Liz tells a Memphis-to-Atlanta story of a long, slow-motion alcoholism that took fifty-nine years to bring her to her knees. She grew up the second of six children in eight years to a trauma surgeon father and a pediatric-nurse mother who both drank every night — what she calls country club alcoholics. Her older sister was the Fulbright valedictorian, so Liz carved out an identity as the fun one, the cheerleader, the beauty queen, dating older boys and faking drinks at high school parties because she just wanted to be a grown-up.
At 19 in Dallas she fell in with the Castaneda-Hunter Thompson-Ram Dass counterculture, waited tables at a Hilton in fishnets, married her fun, brilliant husband, and had a daughter in Lawrence, Kansas. The marriage collapsed, she took over a roadhouse bar, shared custody a week on and a week off, and found cocaine so she could stay up and drink as much as she wanted. One dawn she felt her life going down the drain like Jenny in Forrest Gump, packed the Chevrolet, and moved her four-year-old home to Atlanta to start over.
For thirty years she white-knuckled it as a full-commission recruiter, a single mother in heels and hose, protecting her drinking by hosting dinner parties where she could refill the vodka in the kitchen. She turned down a TV weather-girl job so she wouldn't miss cocktail hour. Her daughter once asked if she could quit for a month; she couldn't. The bruises, the cracked rib she hid, the nights she slipped out to Buckhead after her daughter was in bed — her ironclad will kept the illusion of control until she fell and gashed her eyelid open.
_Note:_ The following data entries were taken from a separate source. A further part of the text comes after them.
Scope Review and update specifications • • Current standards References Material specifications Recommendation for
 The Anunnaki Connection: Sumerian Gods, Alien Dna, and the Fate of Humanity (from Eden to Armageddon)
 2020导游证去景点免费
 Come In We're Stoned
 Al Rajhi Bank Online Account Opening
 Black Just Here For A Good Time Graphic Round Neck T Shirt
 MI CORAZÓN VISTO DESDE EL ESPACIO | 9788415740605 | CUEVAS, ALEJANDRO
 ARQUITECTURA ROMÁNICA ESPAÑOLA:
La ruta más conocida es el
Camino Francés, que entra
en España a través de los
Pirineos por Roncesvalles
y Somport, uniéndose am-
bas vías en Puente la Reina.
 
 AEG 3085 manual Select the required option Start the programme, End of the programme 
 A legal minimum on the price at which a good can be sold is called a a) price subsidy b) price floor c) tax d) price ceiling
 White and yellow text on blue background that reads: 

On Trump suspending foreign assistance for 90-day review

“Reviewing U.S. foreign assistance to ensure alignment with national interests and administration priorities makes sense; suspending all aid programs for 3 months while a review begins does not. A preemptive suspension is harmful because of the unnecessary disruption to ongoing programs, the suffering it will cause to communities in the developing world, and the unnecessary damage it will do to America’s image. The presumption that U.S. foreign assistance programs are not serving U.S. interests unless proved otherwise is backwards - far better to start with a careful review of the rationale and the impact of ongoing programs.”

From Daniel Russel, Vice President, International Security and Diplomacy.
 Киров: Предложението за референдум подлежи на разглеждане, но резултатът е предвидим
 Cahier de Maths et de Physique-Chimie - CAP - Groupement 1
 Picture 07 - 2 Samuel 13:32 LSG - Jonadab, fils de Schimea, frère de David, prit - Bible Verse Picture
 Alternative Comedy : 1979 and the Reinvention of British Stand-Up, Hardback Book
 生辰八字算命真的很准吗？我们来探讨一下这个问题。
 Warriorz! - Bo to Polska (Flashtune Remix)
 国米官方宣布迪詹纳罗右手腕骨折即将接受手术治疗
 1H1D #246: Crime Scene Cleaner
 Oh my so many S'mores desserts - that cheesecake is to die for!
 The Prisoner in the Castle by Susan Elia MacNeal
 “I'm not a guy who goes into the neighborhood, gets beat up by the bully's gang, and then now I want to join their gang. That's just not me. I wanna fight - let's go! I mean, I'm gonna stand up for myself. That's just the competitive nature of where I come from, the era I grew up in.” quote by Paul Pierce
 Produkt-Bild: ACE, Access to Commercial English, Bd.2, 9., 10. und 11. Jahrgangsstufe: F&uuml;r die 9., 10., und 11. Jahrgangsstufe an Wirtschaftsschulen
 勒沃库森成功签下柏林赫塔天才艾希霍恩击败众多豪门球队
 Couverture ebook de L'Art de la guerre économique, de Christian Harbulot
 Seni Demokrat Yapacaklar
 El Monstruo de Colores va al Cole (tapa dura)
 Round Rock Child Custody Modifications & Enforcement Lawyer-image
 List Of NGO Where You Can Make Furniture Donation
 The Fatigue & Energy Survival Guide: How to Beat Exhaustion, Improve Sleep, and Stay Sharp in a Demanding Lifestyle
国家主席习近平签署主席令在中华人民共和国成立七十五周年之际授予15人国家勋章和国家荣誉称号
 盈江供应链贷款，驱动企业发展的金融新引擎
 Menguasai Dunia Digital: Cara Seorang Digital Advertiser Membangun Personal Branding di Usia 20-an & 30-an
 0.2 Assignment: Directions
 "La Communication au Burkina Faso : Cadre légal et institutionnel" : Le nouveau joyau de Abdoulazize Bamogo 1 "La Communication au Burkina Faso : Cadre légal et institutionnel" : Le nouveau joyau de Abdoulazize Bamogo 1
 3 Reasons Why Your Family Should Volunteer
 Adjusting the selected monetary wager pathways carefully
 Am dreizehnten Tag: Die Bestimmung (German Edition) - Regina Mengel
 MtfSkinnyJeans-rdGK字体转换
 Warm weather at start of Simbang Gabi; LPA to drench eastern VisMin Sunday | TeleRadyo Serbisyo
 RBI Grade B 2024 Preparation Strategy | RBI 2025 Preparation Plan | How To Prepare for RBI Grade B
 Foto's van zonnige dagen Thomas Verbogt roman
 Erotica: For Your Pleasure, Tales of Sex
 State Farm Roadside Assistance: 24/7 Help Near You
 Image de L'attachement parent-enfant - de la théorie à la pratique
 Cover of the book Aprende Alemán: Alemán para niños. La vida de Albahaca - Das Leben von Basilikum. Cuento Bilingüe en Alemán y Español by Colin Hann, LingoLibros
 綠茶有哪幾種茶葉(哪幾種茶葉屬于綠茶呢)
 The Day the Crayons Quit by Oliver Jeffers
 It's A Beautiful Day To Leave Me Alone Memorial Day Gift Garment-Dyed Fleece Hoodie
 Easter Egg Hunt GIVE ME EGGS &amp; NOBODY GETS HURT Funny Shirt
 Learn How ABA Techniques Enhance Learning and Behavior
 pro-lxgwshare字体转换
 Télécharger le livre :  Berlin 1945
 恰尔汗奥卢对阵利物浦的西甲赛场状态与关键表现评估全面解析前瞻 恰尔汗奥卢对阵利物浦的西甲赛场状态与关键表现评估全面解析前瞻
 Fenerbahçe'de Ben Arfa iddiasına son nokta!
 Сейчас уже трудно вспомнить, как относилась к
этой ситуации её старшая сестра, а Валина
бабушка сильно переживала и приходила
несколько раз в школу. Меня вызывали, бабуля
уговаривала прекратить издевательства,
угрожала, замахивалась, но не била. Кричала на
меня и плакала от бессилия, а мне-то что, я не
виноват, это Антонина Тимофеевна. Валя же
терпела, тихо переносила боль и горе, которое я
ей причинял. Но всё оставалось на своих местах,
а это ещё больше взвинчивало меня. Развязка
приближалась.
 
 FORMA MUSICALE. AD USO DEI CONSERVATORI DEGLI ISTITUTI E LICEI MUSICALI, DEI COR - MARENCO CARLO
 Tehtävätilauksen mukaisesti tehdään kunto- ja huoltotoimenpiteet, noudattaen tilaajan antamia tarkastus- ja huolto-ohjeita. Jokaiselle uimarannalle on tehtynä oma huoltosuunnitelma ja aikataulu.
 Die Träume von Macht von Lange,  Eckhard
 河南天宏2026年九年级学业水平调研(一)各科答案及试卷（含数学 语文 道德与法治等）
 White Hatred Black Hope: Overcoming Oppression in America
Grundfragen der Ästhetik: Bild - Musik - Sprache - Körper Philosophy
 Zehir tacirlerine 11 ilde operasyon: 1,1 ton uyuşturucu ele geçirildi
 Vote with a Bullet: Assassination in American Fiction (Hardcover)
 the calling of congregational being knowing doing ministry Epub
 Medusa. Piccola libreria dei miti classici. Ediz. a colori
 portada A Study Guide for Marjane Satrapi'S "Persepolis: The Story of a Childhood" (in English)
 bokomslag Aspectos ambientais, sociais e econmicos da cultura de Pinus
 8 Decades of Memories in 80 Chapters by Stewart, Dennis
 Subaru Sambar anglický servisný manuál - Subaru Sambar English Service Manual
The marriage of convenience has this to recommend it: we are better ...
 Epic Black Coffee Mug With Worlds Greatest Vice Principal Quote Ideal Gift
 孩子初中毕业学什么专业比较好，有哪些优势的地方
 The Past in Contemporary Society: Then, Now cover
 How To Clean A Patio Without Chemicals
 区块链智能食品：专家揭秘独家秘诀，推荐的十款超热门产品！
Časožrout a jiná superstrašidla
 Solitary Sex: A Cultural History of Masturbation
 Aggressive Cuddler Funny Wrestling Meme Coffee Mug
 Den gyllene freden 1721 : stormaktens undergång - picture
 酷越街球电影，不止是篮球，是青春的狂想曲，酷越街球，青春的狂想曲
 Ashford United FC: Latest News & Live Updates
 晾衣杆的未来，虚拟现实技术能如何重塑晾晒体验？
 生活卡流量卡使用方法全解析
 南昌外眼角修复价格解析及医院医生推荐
She called her little sister Julie — twenty years sober and the one who never proselytized — who drove her to the ER for sixteen stitches. She had one last drink at 3 a.m. and walked into her first meeting on November 24, 2013. Steps Two and Three came easy because the little sane man she had felt as a child at age nine came right back once she put the alcohol down. She closes on page 89 and Daily Reflections, and says the program delivered everything the bottle promised and never gave: belonging, peace, laughter, and never being alone.